PROBLEM TO WORK ON: Only the lines from the one with "Security LED Lights Feature Image" to the end of the listing below should be set down, exactly as written and without any pictures.

DATASET CONTENT:
########################################

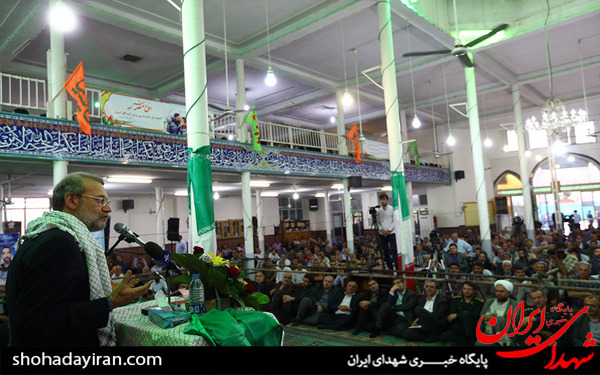 عکس/یادواره 580 شهید شهرستان ساوه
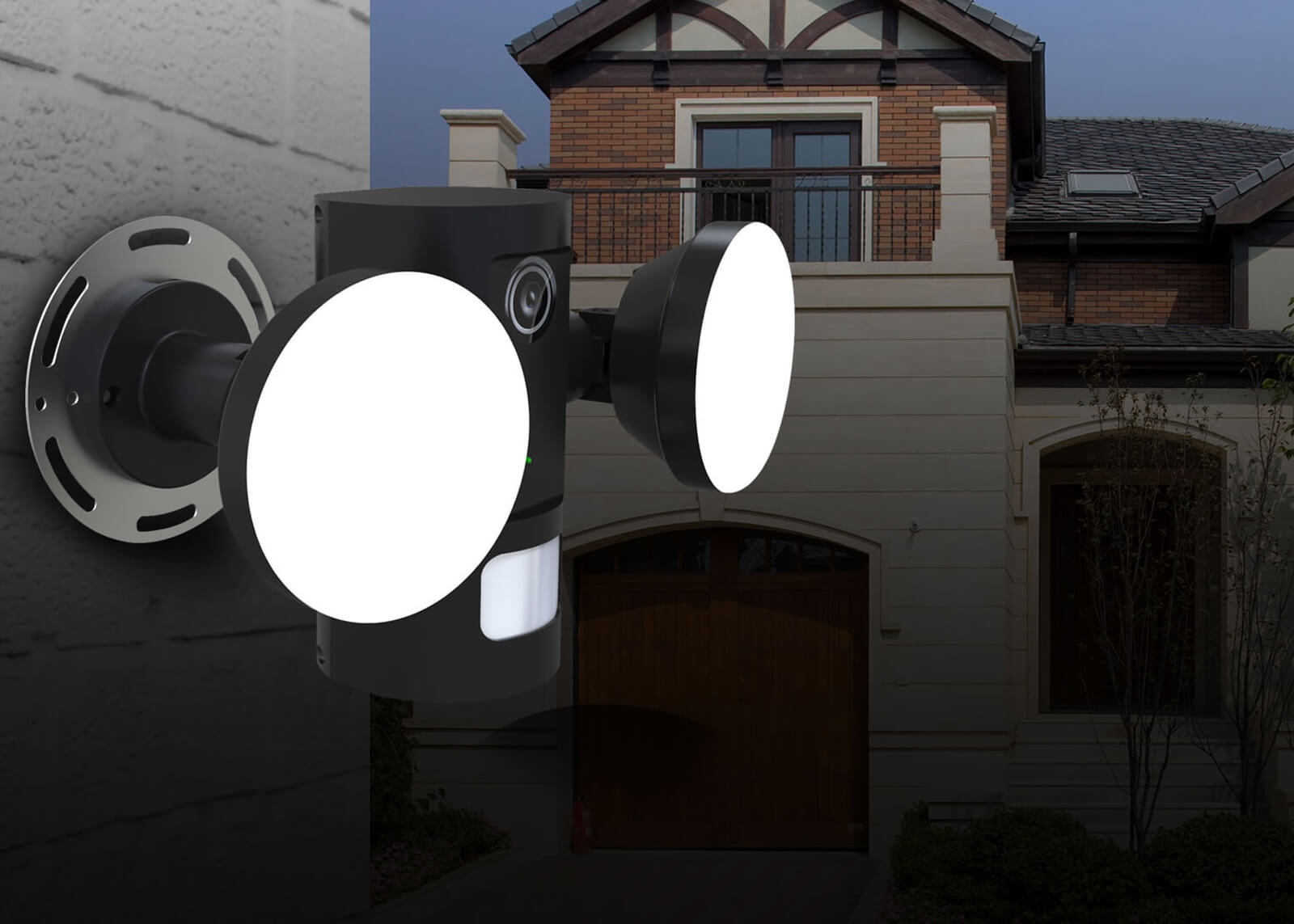 Security LED Lights Feature Image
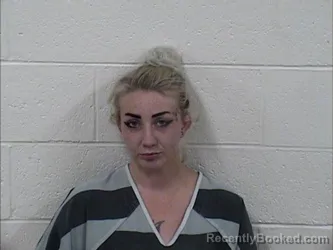 Mugshot of HEATHER NICOLE SCHMIDT booked in Panola County, Mississippi on May 23, 2026
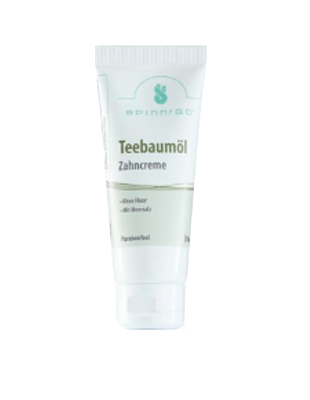 TEEBAUM ÖL ZAHNCREME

########################################

RESPONSE BELOW:
 Security LED Lights Feature Image
 Mugshot of HEATHER NICOLE SCHMIDT booked in Panola County, Mississippi on May 23, 2026
 TEEBAUM ÖL ZAHNCREME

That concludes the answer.